The engraver unlocked the door, opened it a bit, and snapped: “The shop is closed. I shall not be taking any orders for several months. Please don’t bother me now.”

“It’s about the Demeter Bowl,” said the intruder.

Sebastian Long stared at him. “What the devil do you know about my Demeter Bowl?” He saw the man was a stranger, undersized by a little, middle-aged…

“Just let me in please,” urged the man. “It’s important. Please!”

“I don’t know what you’re talking about,” said the engraver. “But what do you know about my Demeter Bowl?” He hooked his thumbs pugnaciously over the waistband of his denims and glowered at the stranger. The stranger promptly took advantage of his hand being removed from the door and glided in.

Sebastian Long thought briefly that it might be a nightmare as the man darted quickly about his shop, picking up a graver and throwing it down, picking up a wire scratch-wheel and throwing it down. “Here, you!” he roared, as the stranger picked up a crescent wrench which he did not throw down.

As Long started for him, the stranger darted to the workbench and brought the crescent wrench down shatteringly on the bowl.

Sebastian Long’s heart was bursting with sorrow and rage; such a storm of emotions as he never had known thundered through him. Paralyzed, he saw the stranger smile with anticipation.

The engraver’s legs folded under him and he fell to the floor, drained and dead.

The Mindworm, locked in the bedroom of his brownstone front, smiled again, reminiscently.

Smiling, he checked the day on a wall calendar.

“Dolores!” yelled her mother in Spanish. “Are you going to pass the whole day in there?”

She had been practicing low-lidded, sexy half-smiles like Lauren Bacall in the bathroom mirror. She stormed out and yelled in English: “I don’t know how many times I tell you not to call me that Spick name no more!”

“Dolly!” sneered her mother. “Dah-lee! When was there a Saint Dah-lee that you call yourself after, eh?”

The girl snarled a Spanish obscenity at her mother and ran down the tenement stairs. Jeez, she was gonna be late for sure!

Held up by a stream of traffic between her and her streetcar, she danced with impatience. Then the miracle happened. Just like in the movies, a big convertible pulled up before her and its lounging driver said, opening the door: “You seem to be in a hurry. Could I drop you somewhere?”

Dazed at the sudden realization of a hundred daydreams, she did not fail to give the driver a low-lidded, sexy smile as she said: “Why, thanks!” and climbed in. He wasn’t no Cary Grant, but he had all his hair . . . kind of small, but so was she . . . and jeez, the convertible had leopard-skin seat covers!

The car was in the stream of traffic, purring down the avenue. “It’s a lovely day,” she said. “Really too nice to work.”
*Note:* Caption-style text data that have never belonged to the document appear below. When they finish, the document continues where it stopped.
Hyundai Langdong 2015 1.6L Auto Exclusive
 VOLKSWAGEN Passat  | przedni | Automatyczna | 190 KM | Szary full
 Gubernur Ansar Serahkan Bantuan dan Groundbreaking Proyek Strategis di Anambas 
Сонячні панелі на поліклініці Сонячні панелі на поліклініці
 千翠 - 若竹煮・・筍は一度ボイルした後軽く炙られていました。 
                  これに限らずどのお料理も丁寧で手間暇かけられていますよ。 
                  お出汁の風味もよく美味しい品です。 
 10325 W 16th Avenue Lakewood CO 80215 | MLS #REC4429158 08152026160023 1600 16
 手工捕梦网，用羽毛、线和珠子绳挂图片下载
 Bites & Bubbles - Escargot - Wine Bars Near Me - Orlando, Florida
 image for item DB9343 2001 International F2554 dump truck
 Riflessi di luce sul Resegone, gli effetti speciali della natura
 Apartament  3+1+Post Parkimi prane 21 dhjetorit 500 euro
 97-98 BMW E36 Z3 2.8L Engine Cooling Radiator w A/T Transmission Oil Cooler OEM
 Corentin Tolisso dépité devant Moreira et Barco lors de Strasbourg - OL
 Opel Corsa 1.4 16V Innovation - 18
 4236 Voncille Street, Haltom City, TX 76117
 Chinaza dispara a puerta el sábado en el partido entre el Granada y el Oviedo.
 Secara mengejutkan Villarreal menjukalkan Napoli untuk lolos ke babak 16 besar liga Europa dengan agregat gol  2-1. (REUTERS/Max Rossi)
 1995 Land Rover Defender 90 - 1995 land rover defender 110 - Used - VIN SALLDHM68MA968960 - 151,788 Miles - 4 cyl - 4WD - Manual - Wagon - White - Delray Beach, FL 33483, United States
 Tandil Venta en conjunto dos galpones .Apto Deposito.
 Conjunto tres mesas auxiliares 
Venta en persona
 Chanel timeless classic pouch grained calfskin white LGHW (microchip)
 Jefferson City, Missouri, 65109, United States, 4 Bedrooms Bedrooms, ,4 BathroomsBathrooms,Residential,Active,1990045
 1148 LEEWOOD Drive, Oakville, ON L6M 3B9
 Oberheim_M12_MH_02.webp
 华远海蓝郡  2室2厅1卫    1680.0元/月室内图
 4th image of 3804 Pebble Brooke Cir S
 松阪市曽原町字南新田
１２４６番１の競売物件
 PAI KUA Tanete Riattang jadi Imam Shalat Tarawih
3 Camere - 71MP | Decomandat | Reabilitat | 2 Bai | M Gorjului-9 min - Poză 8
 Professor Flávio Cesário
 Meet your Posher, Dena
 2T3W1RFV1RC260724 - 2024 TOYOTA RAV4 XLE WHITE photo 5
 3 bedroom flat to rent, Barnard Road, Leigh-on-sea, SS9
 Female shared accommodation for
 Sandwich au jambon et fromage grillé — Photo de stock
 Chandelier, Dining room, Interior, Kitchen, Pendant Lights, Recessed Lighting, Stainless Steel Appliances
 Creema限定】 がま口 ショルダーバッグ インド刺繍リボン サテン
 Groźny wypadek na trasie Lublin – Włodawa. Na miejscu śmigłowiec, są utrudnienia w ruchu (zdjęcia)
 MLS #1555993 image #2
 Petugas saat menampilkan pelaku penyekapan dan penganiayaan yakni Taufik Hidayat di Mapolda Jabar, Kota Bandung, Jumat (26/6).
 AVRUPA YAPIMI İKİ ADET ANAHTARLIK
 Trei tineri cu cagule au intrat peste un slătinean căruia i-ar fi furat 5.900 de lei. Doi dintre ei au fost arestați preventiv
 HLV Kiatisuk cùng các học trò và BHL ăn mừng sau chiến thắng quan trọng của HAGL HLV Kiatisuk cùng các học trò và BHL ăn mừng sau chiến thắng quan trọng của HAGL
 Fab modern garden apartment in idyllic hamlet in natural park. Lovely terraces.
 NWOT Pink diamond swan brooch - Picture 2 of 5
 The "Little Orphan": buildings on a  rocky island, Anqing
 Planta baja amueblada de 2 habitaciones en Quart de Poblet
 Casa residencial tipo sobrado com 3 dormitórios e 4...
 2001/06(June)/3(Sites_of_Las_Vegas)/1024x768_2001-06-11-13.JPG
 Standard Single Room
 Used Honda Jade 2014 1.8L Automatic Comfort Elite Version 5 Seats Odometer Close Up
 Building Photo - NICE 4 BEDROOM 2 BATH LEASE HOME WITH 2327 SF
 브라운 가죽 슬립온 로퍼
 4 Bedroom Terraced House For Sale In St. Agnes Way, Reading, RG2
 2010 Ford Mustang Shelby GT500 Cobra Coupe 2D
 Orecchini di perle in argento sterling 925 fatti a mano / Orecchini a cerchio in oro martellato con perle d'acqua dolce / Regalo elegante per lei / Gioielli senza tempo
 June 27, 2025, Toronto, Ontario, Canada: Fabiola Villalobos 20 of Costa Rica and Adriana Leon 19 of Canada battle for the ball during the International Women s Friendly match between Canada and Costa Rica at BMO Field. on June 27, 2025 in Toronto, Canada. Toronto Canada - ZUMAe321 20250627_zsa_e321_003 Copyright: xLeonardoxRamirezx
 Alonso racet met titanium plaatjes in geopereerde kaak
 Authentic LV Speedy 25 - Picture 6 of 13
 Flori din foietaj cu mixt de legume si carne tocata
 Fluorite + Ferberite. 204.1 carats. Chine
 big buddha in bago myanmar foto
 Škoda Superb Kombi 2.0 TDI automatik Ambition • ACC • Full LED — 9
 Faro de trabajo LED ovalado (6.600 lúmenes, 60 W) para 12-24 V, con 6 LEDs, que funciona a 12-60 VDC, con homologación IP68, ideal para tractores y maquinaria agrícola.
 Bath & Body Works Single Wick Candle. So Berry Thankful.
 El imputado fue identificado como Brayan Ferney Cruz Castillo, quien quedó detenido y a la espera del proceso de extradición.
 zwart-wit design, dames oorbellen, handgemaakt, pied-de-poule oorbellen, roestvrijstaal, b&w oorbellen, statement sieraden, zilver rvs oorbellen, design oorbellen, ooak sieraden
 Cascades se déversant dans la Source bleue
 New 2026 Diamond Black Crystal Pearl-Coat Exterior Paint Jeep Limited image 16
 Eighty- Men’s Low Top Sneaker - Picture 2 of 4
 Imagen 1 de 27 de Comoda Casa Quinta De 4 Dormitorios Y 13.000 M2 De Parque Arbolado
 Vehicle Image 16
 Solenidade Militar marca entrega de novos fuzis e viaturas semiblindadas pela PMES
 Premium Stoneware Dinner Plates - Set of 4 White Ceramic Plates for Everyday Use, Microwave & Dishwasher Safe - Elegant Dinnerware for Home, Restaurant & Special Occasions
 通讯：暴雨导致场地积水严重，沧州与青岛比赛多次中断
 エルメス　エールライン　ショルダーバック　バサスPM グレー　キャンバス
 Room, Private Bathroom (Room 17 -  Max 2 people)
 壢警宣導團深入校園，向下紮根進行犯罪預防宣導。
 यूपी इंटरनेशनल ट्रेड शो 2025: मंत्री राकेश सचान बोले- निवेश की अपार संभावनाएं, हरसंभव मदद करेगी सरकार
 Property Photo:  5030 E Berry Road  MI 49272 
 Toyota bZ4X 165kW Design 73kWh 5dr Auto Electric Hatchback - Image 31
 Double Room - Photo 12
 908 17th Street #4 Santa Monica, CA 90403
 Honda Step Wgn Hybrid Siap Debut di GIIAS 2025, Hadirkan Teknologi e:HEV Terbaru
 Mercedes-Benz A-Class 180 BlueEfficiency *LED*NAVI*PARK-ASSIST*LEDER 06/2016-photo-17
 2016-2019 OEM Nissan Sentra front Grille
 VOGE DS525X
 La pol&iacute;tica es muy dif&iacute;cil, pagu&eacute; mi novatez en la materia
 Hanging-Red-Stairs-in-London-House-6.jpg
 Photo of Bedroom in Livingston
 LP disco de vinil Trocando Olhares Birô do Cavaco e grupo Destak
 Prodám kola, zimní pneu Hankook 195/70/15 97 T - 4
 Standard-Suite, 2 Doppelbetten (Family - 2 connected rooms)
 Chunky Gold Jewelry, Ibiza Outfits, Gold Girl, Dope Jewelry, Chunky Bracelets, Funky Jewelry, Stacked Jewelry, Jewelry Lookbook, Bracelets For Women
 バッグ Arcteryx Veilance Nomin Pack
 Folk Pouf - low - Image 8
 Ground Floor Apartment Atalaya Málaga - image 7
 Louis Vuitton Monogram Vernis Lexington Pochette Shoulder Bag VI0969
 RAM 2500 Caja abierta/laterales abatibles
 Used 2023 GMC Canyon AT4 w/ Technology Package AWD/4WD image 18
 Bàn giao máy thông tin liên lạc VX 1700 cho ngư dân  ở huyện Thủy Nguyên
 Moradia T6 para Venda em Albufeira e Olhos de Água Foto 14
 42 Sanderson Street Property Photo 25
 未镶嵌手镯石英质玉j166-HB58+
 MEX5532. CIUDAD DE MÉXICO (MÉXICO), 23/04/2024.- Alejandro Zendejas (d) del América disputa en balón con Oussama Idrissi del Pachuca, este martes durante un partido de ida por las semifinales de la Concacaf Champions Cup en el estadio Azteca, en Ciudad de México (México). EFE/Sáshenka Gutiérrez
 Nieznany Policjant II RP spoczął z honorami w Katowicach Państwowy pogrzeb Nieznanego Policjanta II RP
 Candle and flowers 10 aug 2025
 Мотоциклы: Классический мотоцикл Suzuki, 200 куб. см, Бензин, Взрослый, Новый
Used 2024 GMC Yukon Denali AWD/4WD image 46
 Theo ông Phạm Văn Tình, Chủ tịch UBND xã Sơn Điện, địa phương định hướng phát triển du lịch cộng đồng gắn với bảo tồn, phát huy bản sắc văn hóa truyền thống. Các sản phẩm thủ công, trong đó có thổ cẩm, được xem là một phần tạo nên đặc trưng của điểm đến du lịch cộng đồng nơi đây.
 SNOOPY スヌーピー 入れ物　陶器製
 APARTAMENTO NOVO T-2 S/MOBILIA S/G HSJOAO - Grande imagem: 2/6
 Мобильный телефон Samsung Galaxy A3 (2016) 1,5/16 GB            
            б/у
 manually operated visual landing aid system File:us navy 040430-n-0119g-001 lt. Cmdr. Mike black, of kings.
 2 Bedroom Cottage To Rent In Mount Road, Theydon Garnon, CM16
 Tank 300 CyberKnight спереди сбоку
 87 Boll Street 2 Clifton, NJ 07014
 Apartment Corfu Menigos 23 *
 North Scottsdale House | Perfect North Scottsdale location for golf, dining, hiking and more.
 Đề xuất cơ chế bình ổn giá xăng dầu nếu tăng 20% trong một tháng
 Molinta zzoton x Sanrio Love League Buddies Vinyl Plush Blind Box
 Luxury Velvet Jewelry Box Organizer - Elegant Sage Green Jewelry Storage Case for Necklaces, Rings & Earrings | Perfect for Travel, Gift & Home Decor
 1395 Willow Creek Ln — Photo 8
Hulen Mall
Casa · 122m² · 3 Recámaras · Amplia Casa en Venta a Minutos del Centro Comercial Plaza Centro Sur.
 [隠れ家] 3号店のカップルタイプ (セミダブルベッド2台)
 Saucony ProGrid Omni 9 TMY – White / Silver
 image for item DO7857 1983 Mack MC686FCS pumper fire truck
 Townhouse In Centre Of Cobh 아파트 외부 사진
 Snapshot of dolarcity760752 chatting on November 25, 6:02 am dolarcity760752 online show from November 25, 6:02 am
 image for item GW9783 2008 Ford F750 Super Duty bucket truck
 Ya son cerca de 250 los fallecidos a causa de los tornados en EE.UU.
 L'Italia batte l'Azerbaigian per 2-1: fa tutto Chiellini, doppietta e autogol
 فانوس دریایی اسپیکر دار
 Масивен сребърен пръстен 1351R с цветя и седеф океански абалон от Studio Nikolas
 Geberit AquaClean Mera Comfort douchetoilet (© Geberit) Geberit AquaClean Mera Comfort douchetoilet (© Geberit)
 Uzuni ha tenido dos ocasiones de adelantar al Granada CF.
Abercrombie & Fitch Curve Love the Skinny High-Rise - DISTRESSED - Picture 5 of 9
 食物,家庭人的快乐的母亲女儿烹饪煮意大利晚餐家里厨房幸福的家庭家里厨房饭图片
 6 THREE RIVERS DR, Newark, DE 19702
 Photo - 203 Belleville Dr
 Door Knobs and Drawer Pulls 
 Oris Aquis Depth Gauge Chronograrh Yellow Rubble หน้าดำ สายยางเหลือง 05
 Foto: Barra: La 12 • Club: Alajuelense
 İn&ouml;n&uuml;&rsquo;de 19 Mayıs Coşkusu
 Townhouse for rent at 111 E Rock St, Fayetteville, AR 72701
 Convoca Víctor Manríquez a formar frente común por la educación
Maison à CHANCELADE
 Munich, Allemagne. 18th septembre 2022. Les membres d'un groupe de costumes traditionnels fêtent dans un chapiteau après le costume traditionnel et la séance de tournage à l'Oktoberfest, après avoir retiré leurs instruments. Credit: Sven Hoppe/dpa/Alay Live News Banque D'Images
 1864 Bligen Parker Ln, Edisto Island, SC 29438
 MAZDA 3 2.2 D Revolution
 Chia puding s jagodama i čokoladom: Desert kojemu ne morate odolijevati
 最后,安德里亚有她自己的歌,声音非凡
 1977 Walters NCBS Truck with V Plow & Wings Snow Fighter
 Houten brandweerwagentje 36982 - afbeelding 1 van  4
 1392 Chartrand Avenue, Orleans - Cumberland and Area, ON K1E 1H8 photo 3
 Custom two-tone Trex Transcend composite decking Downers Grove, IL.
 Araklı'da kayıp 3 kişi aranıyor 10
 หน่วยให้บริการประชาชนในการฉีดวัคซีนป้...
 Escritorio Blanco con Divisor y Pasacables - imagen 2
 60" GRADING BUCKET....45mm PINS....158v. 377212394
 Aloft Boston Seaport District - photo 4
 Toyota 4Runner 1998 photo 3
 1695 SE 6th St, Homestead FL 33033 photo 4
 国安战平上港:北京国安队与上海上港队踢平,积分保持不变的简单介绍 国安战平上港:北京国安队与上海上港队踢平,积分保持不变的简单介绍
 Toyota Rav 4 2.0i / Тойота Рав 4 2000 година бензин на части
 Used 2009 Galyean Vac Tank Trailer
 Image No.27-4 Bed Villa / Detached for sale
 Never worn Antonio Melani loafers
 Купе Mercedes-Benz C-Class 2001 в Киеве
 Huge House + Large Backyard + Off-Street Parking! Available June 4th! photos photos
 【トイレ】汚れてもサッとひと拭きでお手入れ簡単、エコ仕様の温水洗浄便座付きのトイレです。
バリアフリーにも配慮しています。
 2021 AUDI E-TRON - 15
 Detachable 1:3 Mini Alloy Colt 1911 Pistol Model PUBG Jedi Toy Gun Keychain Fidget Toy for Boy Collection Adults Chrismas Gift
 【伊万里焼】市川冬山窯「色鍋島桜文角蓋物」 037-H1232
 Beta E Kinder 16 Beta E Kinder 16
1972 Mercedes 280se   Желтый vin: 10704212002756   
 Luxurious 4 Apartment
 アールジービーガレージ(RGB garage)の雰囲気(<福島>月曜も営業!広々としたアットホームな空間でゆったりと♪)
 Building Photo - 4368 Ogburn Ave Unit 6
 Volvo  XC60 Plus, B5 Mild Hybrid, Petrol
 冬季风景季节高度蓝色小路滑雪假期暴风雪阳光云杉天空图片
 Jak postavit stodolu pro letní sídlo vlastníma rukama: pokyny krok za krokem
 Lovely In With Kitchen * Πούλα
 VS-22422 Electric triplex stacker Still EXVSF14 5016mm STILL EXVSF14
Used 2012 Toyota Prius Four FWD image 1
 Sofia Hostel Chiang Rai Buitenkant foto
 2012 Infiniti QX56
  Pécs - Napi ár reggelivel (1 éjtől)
The driver smiled shyly, kind of like Jimmy Stewart but of course not so tall, and said: “I feel like playing hooky myself. How would you like a spin down Long Island?”

“Be wonderful!” The convertible cut left on an odd-numbered street.

“Play hooky, you said. What do you do?”

“Advertising.”

“Advertising!” Dolly wanted to kick herself for ever having doubted, for ever having thought in low, self-loathing moments that it wouldn’t work out, that she’d marry a grocer or a mechanic and live

forever after in a smelly tenement and grow old and sick and stooped. She felt vaguely in her happy daze that it might have been cuter, she might have accidentally pushed him into a pond or something, but this was cute enough. An advertising man, leopard-skin seat covers . . . what more could a girl with a sexy smile and a nice little figure want?